Why Brahma, the Self-Created or Egg-born, the overseer of sacrifice, the Supreme Creator, the old four-faced god who set in motion the triple world, should have suffered eclipse over the centuries is unclear. At one time even Shiva is shown cringing in the Mahabharata before him; and it is from a common root with Brahma himself that the words not only for ‘brahmin’ but also for ‘brahman’, the world-soul, derive. But by the time of the late Puranas, not to mention modern times, his influence had waned to a shadow.

Perhaps it was because – unlike Shiva or Rama or Krishna or Durga or Kali – he was never associated with youth or beauty or terror, those well-springs of personal devotion.

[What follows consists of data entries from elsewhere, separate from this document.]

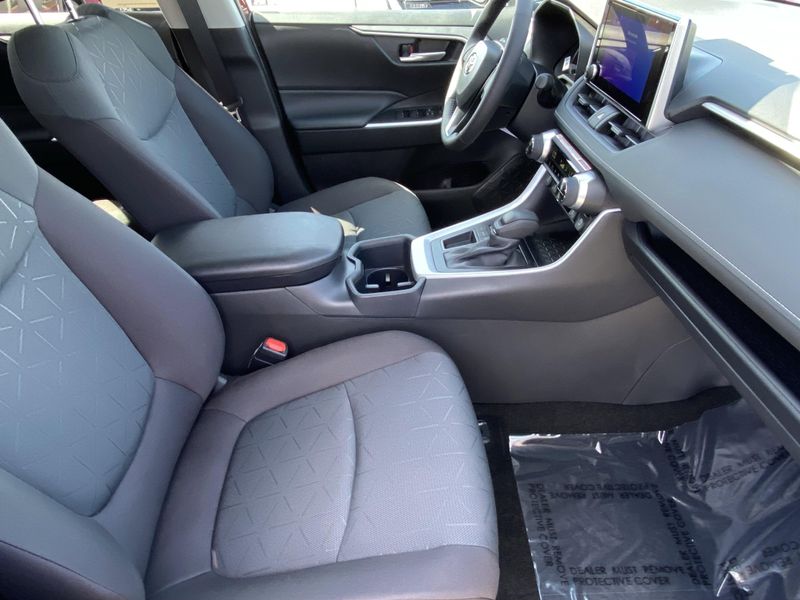 New 2025 Toyota RAV4 XLEImage 10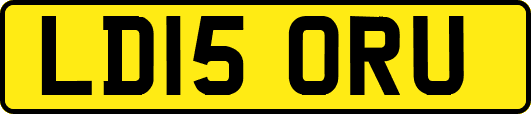 LD15ORU
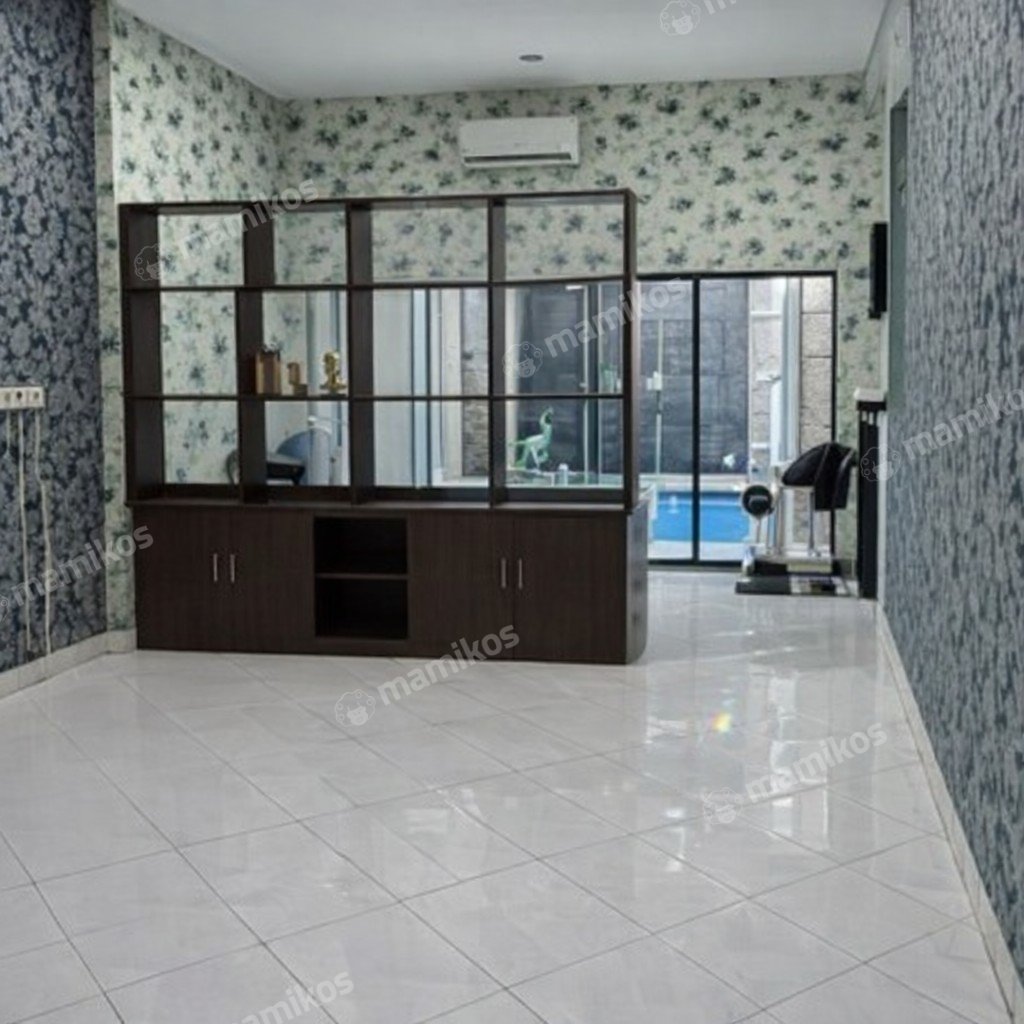Rumah Sertifikat SHM 4 Kamar Tidur 3 Kamar Mandi Kelapa Gading Jakarta Utara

Perhaps it was because he was too far above suffering and yearning to satisfy the longing of the heart for an identifiably human ideal or intercessor – one perhaps who had come down to earth to suffer with the rest of mankind in order that righteousness might be established. Perhaps it was because certain myths surrounding him – for instance his creation of mankind by intercourse with his own daughter – were too difficult to accept by a constant following over long ages and changing mores.

Or perhaps it was that, refusing to be turned on and off like a tap by requests for intercession, Brahma at last refused to deliver what was asked of him by millions of upraised hands, and therefore fell out of favour. It is rare for religious feeling to be entirely transcendent, and Hindus as much as anyone else, perhaps more so, are eager for terrestrial, not merely post-terrestrial, blessings. We want specific results, whether to cure a child of disease or to guarantee his IAS results, whether to ensure the birth of a son or to find a suitable match for a daughter. We go to a temple to be blessed by our chosen deity before a journey, and have our account books sanctified by Kali or Saraswati. At Divali, the words ‘shubh laabh’ – auspicious profit – are seen on the walls of every newly whitewashed shop; while Lakshmi, the presiding goddess, smiles from a poster as she sits on her lotus, serene and beautiful, dispensing gold coins from one of her four arms.

It must be admitted that there are those, mainly Shaivites and Vaishnavites, who claim that Brahmpur has nothing to do with the god Brahma at all – that the name is a corruption of Bahrampur or Brahminpur or Berhampur or some other such name, whether Islamic or Hindu. But for one reason or another these theories may be discarded. The evidence of coins, of inscriptions, of historical records and travellers’ accounts from Hsuen Tsang to Al-Biruni, from Babur to Tavernier, not to mention those of British travellers, provide ample evidence of the ancient name of the city.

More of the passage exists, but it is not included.